According to this blog, data mesh in many ways represents a completely new approach to data. While it certainly is prescriptive in many ways about how technology should be leveraged to implement data mesh principles, perhaps the bigger implementation challenge is the organizational/cultural changes that are needed in order to implement. Overcoming the inertia of decades of centralized, monolithic architecture will not be easy for most companies.
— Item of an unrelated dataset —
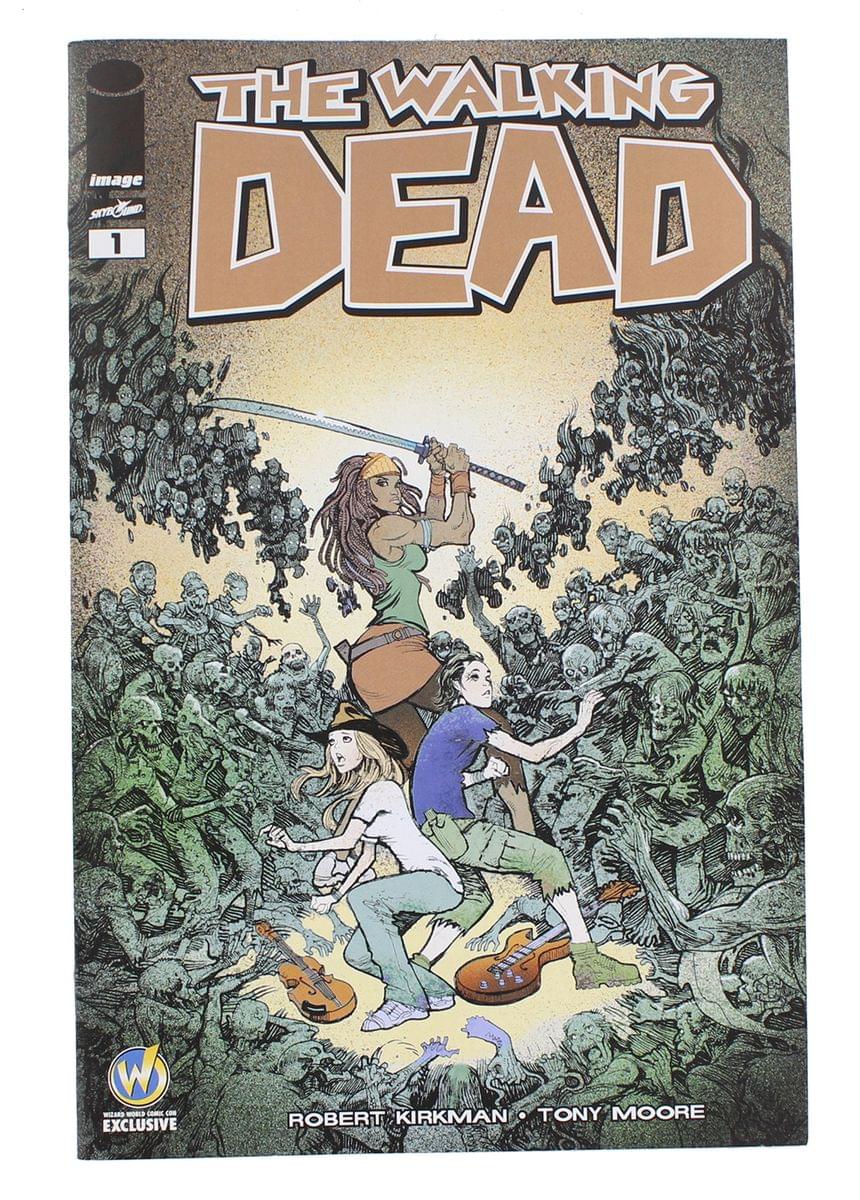 Image Comics The Walking Dead #1 , WW Austin Color Cover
Nevertheless, we think that the four principles of data mesh address significant issues that have long plagued data and analytics applications, and therefore there is real value in thinking about them and gleaning what we can—regardless of whether your organization ever goes “full data mesh”.

References

  1. https://pmsquare.com/analytics-blog/2021/11/8/what-is-data-mesh-the-4-principles-of-data-mesh
  2. https://olisteadman.medium.com/four-principles-of-the-data-mesh-5935ec1b31bc

Written by 

He is a Software Consultant at Knoldus Inc. He has done B.Tech from Dr. APJ Kalam Technical University Uttar-Pradesh. He is passionate about his work and having the knowledge of various programming languages like Java, C++, Python. But he is passionate about Java development and curious to learn Java Technologies. He is always impatient and enthusiastic to learn new things. He is good skills of Critical thinking and problem solving and always enjoy to help others. He likes to play outdoor games like Football, Volleyball, Hockey and Kabaddi. Apart from the technology he likes to read scriptures originating in ancient India like Veda,Upanishad,Geeta etc.